Дан квадрат ABCD. Из чертежа видно, что квадрат DBHI является его удвоением. Если сторона DB и диагональ ВН соизмеримы, то можно сосчитать, какое количество раз каждая из них измеряется их общей мерой. При этом из чисел DB и DH по крайней мере одно не должно быть четным.
Квадраты DBHI и AGFE представляют собой квадратные числа. AGFE — это удвоенный DBHI, как ясно из чертежа. Следовательно, AGFE — это четное квадратное число, и его сторона AG, равная DH, должна быть четной. Значит, AGFI делится на 4. Поскольку ABCD — это 1/4 AGFE, он представляет собой четное число. Квадратное число DBHI должно быть его удвоением. Отсюда DBHI и его сторона DB — четные числа. Таким образом, вопреки предположению, мы приходим к тому, что числа DB и DB четные. Следовательно, эти две линии несоизмеримы.
Какую бы, впрочем, реконструкцию первоначального доказательства иррациональности √2 мы ни приняли, остается ясным, что это открытие имело кардинальную важность в становлении греческой математики. Проблемы, которые оно породило, дали импульс исследованиям Гиппократа, Феодора, Теэтета и нашли свое завершение в созданной Евдоксом теории пропорций, действительной как для соизмеримых, так и для несоизмеримых величин. Значение открытия иррациональности многие были даже склонны переоценивать, полагая, что оно привело к так называемому кризису оснований в греческой математике — по аналогии с тем, что произошло в математике на рубеже XIX-XX вв.[620] Однако эта точка зрения давно уже оставлена, ибо свидетельства такого кризиса отсутствуют.[621] Столь же мало подтверждения находит и идея о том, что открытие Гиппаса нанесло «смертельный удар» по пифагорейской догме «всё есть число». К этому вопросу мы еще вернемся при обсуждении пифагорейской философии.

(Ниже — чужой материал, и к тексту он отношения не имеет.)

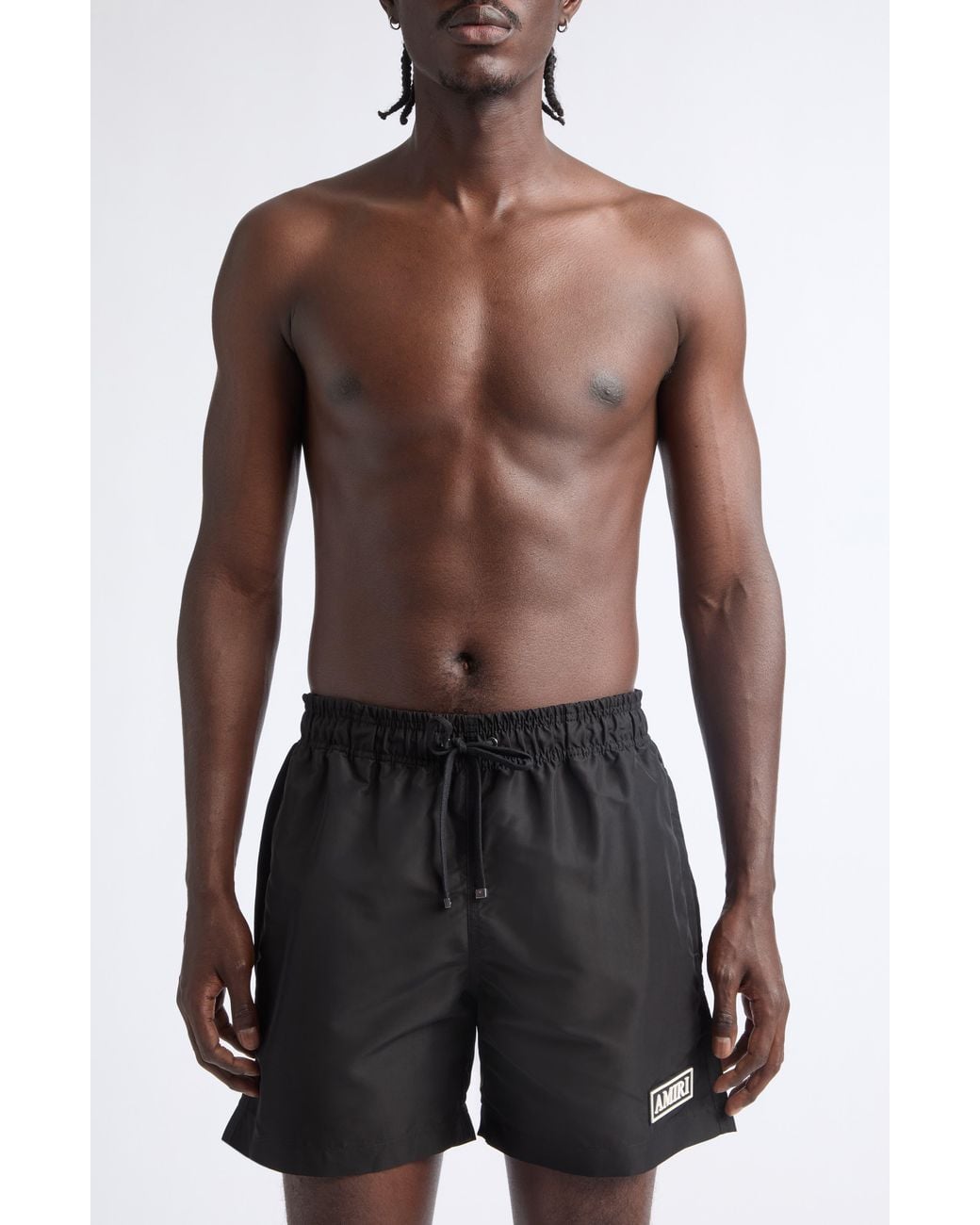 Amiri Black Patch Swim Trunks for men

Важность открытия иррациональности является одной из причин, по которой многие историки математики стремятся отнести его к как можно более позднему времени, к концу V в. или даже к началу IV в. Между тем все необходимые математические предпосылки этого открытия (теорема Пифагора, теория четных и нечетных чисел, метод reduciio ad absurdum) имелись уже на рубеже VI-V вв. Нас не должно смущать то обстоятельство, что между Гиппасом и Феодором, продолжившим его исследования, прошло два поколения. Такой же или даже еще больший временной разрыв мы наблюдаем и во многих других случаях. Первые три пропорции открыл Пифагор, следующие три были найдены Евдоксом (Eud. fr. 133), родившимся на 180 лет позже. Так же обстоит дело и с двумя способами нахождения пифагоровых троек: первый из них был найден Пифагором, второй — Архитом.